Bromance, Fluidity, and the Spectrum of Male Connection
Fluidity
Imagine that life is a sliding scale of feminine to masculine and there is no right or wrong. You don’t have to be any one thing. You get to choose where you sit; probably somewhere between Rambo and RuPaul. Extremely feminine? Cool. Kinda masculine? Go off. Don’t want to label it? Then don’t. Don’t give a fuck? Welcome to the club. Who are we to judge or not judge? Some days, I want to punch the living shit out of a wall while screaming Metallica lyrics. Other days, I want to sob into a cushion while watching The Notebook and spooning the neighbour’s dog. Fluidity, my friend. Not mental illness.
Let me tell you how I got here. Years ago, I started writing about sexuality, identity, and the in-between.
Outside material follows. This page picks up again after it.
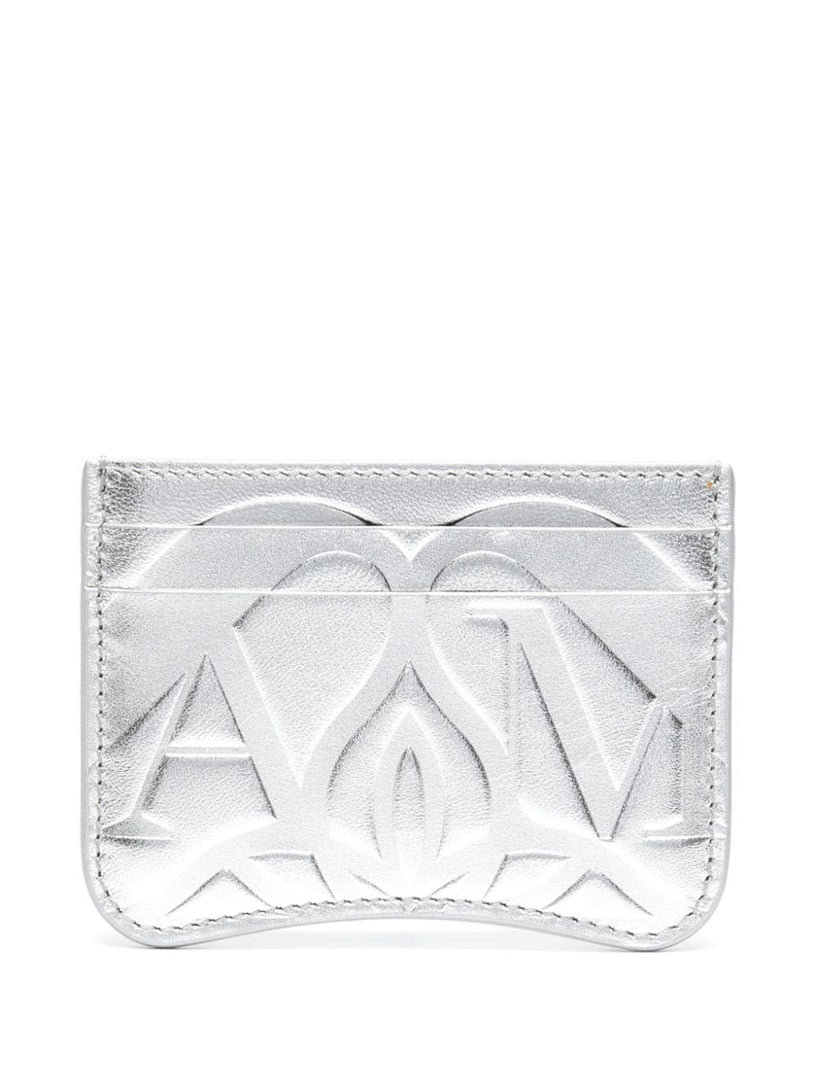 Alexander McQueen Seal card holder in silver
Not because I had it figured out. Far from it. I was confused, curious, and horny. And somewhere between writing about bisexual prostitution and gay suicide, I realised that we’re all just trying to find our people. Our tribe. Our safe space.
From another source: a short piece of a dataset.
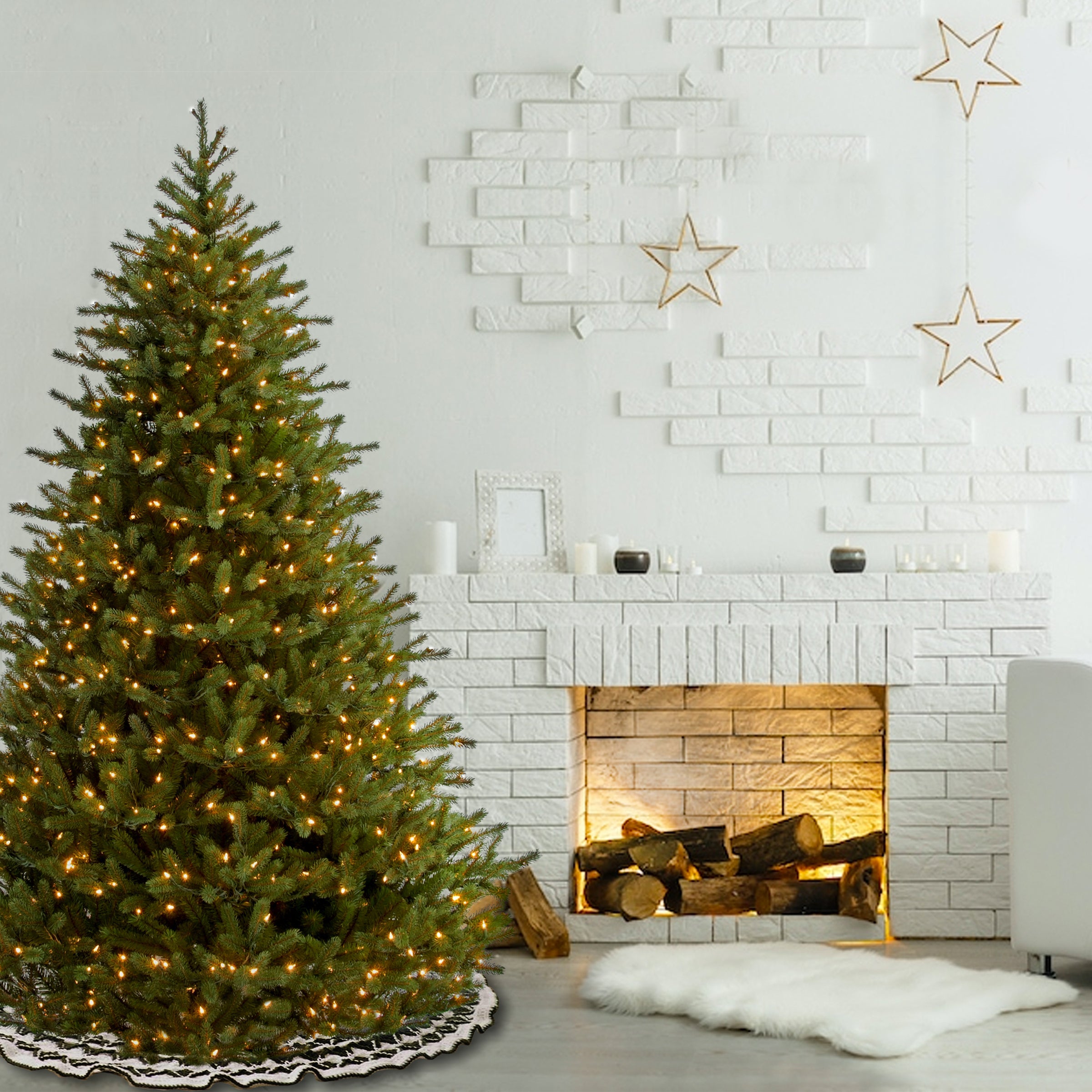 6.5 ft. Pre-Lit Norway Spruce Tree with Clear Lights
Personality: The Real Aphrodisiac
The idea that personality trumps sexuality isn’t some TikTok trend: it’s been brewing for decades. The newer mindset is about being real. Not necessarily revolutionary or ground-breaking. Just… you. Raw, weird, messy, and hopefully a little sarcastic.
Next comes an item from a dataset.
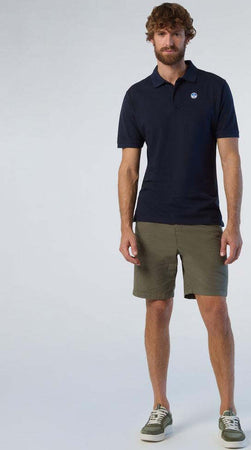 North-Sails-Polo-Uomo-Piquet-di-Cotone-Mezze-Maniche-Logo-Ricamato-Blu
I know this because I’ve had the privilege of beta readers who pull no punches. I’ve written about gay suicide, bisexual prostitution, and being torn between a woman and a man. And these brutally honest humans have taught me something critical: people are more drawn to who you are than what you fuck.
I’ve known people who fall in love with personalities, not parts.
Fluidity and Sexual Attraction, Decoded
It’s not about rigid identity. It’s about emotional connection and fluidity in how we relate to each other. Some women love women not because they’re lesbians, but because it’s convenient, safe, and they just vibe. One of my friends was raised by two women who were soulmates but never labelled themselves gay. Labels weren’t needed. Their connection spoke louder than orientation.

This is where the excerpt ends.